Those who have been following the storyline of Albert Haynesworth in 2010 know he has fallen out of favor with the organization and especially head coach Mike Shanahan. The man who was signed to a $115 million contract, including $41 million guaranteed, found himself on the bench in the teams opening game victory over the Dallas Cowboys.
The Redskins second game against the Houston Texans found Haynesworth deactivated. Washington claims a foot injury is the reason, but it appears the defensive tackle has worn out his welcome with a malcontented attitude where he put himself ahead of the team and championship dreams.
Vincent Jackson is a tall, strong, fast wide receiver holding out on the San Diego Chargers for more money after making his first Pro Bowl team last season. The Chargers appear uninterested in fulfilling his wishes, and apparently have placed him on the trading block.
Rumors claim San Diego general manager A.J. Smith was seeking two first-round draft picks, which will most likely not happen.
The Minnesota Vikings would love to acquire Jackson’s services to help out their running game and aging quarterback Brett Favre after losing Sidney Rice for much of the year because of injury. It is unknown if Minnesota is willing to mortgage so much for an aging team that is on the cusp of needing rebuilding.
San Diego has lost two key defensive linemen the past two years in Igor Olshansky and Jamal Williams. Olshansky signed a free agent contract with Dallas in 2009, and Williams was an aging three-time Pro Bowler released at the end of 2009. While San Diego got Cam Thomas late in the first round to play nose tackle, most of the rest of the defensive line is a mix of cast-offs and veterans.
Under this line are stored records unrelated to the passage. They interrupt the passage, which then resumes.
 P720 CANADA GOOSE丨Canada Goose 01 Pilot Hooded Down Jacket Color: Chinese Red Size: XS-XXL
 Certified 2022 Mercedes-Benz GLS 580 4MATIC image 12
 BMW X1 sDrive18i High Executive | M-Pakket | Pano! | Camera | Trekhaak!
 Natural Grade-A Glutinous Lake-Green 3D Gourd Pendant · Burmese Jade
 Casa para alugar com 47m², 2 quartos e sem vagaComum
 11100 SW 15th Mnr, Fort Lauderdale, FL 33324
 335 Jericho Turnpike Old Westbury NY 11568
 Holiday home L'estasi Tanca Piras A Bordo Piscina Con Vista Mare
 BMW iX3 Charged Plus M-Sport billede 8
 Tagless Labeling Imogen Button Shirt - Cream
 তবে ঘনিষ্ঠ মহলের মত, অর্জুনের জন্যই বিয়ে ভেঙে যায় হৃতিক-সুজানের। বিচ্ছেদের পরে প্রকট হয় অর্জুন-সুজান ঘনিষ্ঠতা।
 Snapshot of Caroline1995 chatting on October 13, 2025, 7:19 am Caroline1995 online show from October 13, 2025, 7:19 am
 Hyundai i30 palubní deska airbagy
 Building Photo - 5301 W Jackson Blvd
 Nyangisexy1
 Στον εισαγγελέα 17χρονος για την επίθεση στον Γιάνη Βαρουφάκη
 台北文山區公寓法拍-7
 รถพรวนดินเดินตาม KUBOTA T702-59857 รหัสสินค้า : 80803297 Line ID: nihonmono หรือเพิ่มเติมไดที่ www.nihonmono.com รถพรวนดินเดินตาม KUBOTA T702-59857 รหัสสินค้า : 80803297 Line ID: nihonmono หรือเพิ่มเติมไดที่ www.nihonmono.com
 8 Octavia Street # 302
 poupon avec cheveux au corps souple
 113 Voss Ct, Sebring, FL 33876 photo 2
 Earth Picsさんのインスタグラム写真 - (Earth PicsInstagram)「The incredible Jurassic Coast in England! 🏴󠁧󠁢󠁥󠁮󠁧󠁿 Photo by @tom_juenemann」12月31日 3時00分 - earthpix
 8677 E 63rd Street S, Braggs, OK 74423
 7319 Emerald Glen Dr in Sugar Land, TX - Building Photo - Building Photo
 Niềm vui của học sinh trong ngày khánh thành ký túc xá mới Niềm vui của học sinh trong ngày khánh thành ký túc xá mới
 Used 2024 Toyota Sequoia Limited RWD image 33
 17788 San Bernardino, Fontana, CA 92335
Haynesworth would prefer to play in a 4-3 defense, but San Diego runs the 3-4 like the Redskins started to this year. He stated he would prefer playing defensive end over nose tackle, which was something the Redskins did not want to hear. He would represent an upgrade over current starting defensive end Jacques Casaire for the Bolts.
Jackson would immediately become the number-one receiver on Washington. Santana Moss holds that position now, but he is known for his frequent drops and would be best suited as a number-two receiver. With 38-year old Joey Galloway starting over the slow developing Devin Thomas, Jackson’s arrival would be a huge boon for the team.
The only question to get this deal worked out in the end would be money. Washington would probably have to eat some more of Haynesworth’s contract and pay Jackson as well. Owner Dan Snyder has never been shy about throwing around money to try and improve his team in the past.
With Haynesworth skulking on the sideline yet again, the Redskins do not need him to continue griping to the media as a way to get out of town. Washington should quickly acquiesce his wishes and try to improve the team with Jackson, who appears to want out of San Diego.
Redskins general manager Bruce Allen made a smart move a few months ago to make this move possible without hurting the defense. He shrewdly grabbed Adam Carriker by swapping draft picks with the Saint Louis Rams in the 2010 NFL Draft. Carriker was the Rams first round draft pick in 2007, and was the 13th overall selection.
Carriker missed the 2009 season because of injury, but the 6’6″ 296 player has the ability to play nose tackle or defensive end. He has played well so far this year for Washington, showing why he was drafted as highly as he once was.
The Redskins are fielding the oldest team in the NFL this season. It is obvious the message is to win now, something Bruce Allen learned from his Hall of Fame father, and Redskins legend, George Allen.
The Redskins average 28.7 years old on their 2010 roster, while the famous “Over The Hill Gang” roster of 1972 was actually younger by averaging 28.5. The 1972 team, coached by George Allen, made it all the way to Super Bowl VII before losing to the perfect Miami Dolphins.
The best way to win now is to get a locker room together in a single minded mission, something stressed by all winning teams. It is obvious Haynesworth and Jackson would be happier elsewhere, so a swap of the two could bring victory to everyone involved.